> **About this task**: Please find the lines in the following records that hold "plated", and copy them.

> **Provided records**:
========
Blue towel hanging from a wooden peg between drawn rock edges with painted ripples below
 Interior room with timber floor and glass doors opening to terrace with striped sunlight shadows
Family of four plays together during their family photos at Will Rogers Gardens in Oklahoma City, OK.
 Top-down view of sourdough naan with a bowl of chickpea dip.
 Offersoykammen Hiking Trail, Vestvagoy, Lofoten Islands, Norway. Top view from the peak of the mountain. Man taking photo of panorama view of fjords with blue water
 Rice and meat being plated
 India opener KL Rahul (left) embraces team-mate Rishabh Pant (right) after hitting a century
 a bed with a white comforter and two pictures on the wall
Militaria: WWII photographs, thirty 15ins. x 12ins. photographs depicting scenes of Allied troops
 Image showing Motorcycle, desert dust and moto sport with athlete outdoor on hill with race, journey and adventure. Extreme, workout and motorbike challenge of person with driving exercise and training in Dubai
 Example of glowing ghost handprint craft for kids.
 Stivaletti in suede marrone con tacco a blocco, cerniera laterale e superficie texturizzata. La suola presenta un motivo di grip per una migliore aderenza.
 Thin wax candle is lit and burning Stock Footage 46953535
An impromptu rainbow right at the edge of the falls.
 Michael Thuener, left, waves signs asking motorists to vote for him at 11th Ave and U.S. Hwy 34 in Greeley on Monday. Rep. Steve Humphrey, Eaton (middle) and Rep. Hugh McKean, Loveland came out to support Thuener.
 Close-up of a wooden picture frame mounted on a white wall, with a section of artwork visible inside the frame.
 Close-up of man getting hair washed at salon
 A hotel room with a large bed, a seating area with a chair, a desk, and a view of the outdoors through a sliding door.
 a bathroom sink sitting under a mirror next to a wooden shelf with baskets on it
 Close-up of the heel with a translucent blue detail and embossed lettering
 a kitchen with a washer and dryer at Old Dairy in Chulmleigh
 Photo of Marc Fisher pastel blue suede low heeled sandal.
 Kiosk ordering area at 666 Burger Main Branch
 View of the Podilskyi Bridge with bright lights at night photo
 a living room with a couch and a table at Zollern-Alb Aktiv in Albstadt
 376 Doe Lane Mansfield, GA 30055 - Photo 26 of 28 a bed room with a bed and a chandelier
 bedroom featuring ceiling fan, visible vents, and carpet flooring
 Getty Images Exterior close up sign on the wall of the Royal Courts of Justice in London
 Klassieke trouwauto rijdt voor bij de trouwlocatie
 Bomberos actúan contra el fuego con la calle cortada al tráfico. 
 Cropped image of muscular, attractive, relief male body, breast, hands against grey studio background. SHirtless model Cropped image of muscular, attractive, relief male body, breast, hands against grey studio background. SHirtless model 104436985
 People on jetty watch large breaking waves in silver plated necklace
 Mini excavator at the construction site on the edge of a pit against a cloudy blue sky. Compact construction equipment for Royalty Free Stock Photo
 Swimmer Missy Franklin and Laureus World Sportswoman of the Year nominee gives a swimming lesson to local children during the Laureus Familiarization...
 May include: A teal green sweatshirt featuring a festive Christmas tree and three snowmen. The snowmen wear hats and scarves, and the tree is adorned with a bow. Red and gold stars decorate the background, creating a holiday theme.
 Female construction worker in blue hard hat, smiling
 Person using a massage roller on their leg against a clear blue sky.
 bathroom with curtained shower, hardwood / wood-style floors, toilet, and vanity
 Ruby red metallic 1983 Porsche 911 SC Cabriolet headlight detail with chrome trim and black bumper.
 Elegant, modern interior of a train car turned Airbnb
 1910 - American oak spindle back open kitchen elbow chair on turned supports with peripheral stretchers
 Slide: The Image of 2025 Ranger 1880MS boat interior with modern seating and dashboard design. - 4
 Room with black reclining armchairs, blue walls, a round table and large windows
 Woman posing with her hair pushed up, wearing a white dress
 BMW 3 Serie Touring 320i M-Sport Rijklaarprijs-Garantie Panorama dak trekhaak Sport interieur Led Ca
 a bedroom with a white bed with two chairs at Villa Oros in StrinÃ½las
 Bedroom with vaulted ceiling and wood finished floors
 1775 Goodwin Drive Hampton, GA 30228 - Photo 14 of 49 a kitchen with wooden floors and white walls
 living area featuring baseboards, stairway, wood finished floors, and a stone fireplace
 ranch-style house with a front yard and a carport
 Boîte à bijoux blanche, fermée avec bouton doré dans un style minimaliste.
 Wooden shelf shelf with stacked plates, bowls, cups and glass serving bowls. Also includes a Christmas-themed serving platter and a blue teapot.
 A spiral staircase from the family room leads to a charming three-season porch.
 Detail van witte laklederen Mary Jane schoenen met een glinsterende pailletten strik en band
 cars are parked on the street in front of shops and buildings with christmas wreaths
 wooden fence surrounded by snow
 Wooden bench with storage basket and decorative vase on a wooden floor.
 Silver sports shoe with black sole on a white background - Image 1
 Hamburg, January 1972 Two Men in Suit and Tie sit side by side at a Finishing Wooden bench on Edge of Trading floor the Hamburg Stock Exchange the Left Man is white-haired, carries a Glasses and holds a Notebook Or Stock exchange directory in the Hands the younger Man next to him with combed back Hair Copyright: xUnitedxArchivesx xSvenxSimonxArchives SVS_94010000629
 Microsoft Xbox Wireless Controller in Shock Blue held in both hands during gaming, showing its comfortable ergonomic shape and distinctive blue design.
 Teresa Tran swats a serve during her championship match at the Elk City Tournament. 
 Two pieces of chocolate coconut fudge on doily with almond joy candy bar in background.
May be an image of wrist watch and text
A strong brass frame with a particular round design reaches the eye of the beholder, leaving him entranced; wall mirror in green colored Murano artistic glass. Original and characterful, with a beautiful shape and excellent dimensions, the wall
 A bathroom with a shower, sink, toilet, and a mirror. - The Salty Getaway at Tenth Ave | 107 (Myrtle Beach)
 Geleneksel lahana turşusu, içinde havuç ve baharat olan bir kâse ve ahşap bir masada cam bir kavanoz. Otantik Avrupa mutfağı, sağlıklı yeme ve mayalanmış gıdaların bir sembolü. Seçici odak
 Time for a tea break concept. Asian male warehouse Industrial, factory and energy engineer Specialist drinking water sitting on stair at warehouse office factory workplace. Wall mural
========
> **Exercise result**:
 Rice and meat being plated
 People on jetty watch large breaking waves in silver plated necklace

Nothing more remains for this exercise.